I would also point out, that ext4 is very new and ntfs may not be new but never has been quite completed so active feature development could explain away the upward curves in their call counts, though not the absolute values.
Re:not following (Score:5, Insightful)
And then whenever you buy a new webcam, replace your graphics card, or whatever, the kernel must be recompiled. People will love that.
Also: the Linux kernel is modular. This means you don't actually hold in memory, at every time, the drivers to all the hardware devices known to man. Only those your machine actually needs to run. The remaining are just files sitting on your hard disk, ready to be loaded should the need arise. This is an adequate way to keep down the bloat while not inconveniencing the user every time a new piece of hardware pops up.
Goofy metric, too. (Score:5, Insightful)
Unless I've misread it, TFA's definition of "size" for a filesystem is "how many distinct external/kernel subroutines does it call?"
That seems to be a very strange metric.

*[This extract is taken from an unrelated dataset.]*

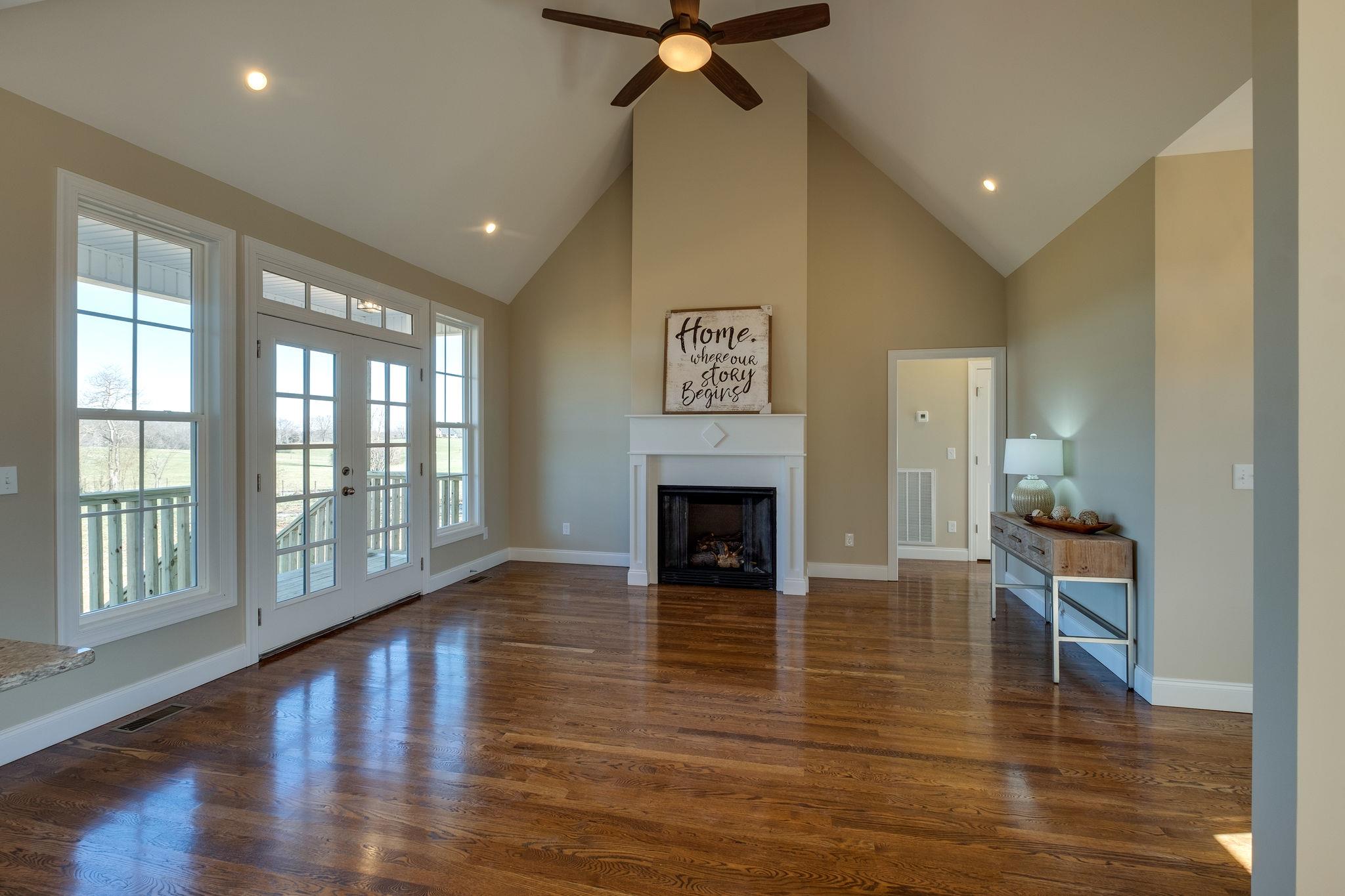 1809 Abiff Road Burns, TN 37029 - Photo 4 of 28 a view of an empty room with wooden floor and a window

Seems to me that a well-designed filesystem will have little code and make extensive (re)use of well-defined services elsewhere (rather than reinventing those wheels). This "slims" the filesystem's own unique code down to its own core functionality.
Now maybe, if the functions are hooks in the OS for the filesystem, a larger number of them implies a poorer abstraction boundary. But it's not clear to me, absent more explanation, that this is what TFA is claiming.

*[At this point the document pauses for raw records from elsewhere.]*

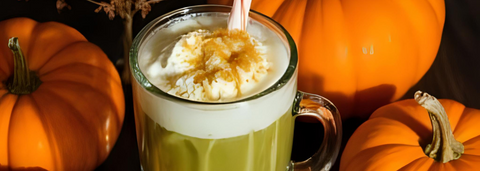 Green smoothie surrounded by pumpkin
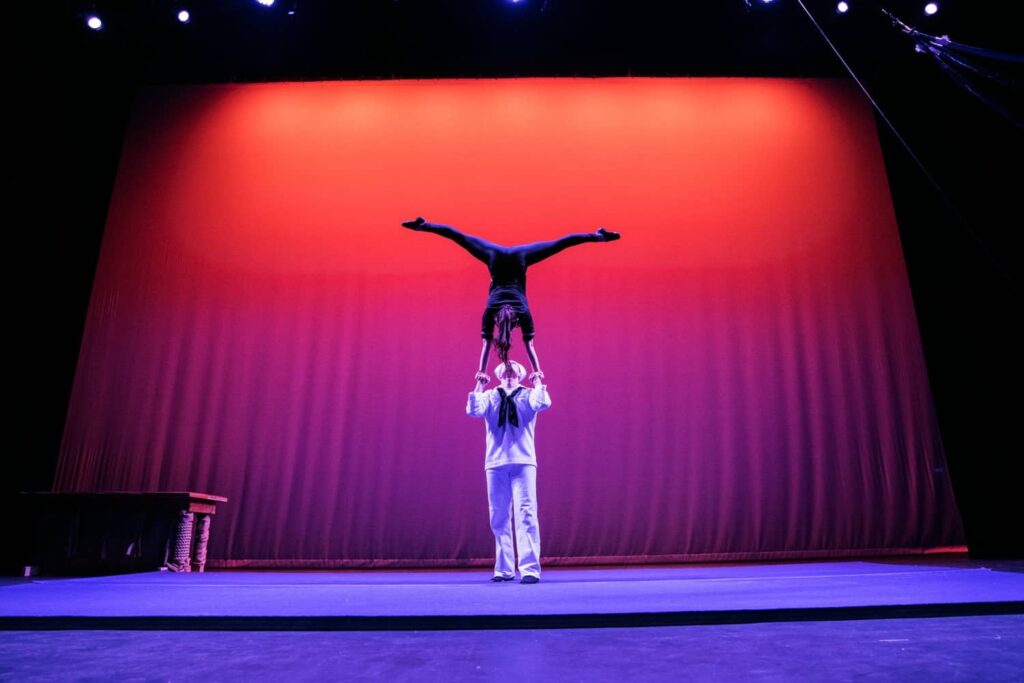 One sailor performer from SHOW Circus Studio in Easthampton, Massachusetts, supporting another doing a hand-to-hand handstand on stage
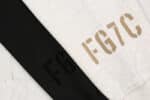 Close-up of black and white fabric swatches. The white fabric has the letters 'Fear of God Essentials FG7C' printed in bold brown text, while the black fabric has the letters 'FG' printed in bold black text. Both fabrics are placed on a light gray surface.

Re:Yes/no (Score:4, Insightful)
What's your point? Processors can pipeline across branches just fine, and the main effect of cache is to give a performance boost to smaller code -- code that separates and reuses functions rather than inlining them willy-nilly.
Inlining can still be a win sometimes, but compilers will do that for you automatically anyway...
Re:At least Reiser (Score:3, Insightful)
Re:Yes/no (Score:4, Insightful)
Not at all surprisingly, since 100 function calls and 100 integer additions will take so little time on a modern processor - and, I suspect, would even on an 8088 - that they amount to a rounding error. The machine's clock doesn't have sufficient resolution to measure them. You'd need a hundred million for a meaningful comparison.
Re:At least Reiser (Score:1, Insightful)
Prison is punishment for misdeeds as well as a place for rehabilitation. The whole point of prison is to make it an undesirable place so people won't want to go there. Otherwise, for the more antisocial that only understand cause-and-effect ethics as opposed to normal ethics, what is the deterrent factor to keep them from breaking the law?
If Hans Reiser wanted to spend the rest of his life hacking on Linux, he should have spent less time hacking his wife.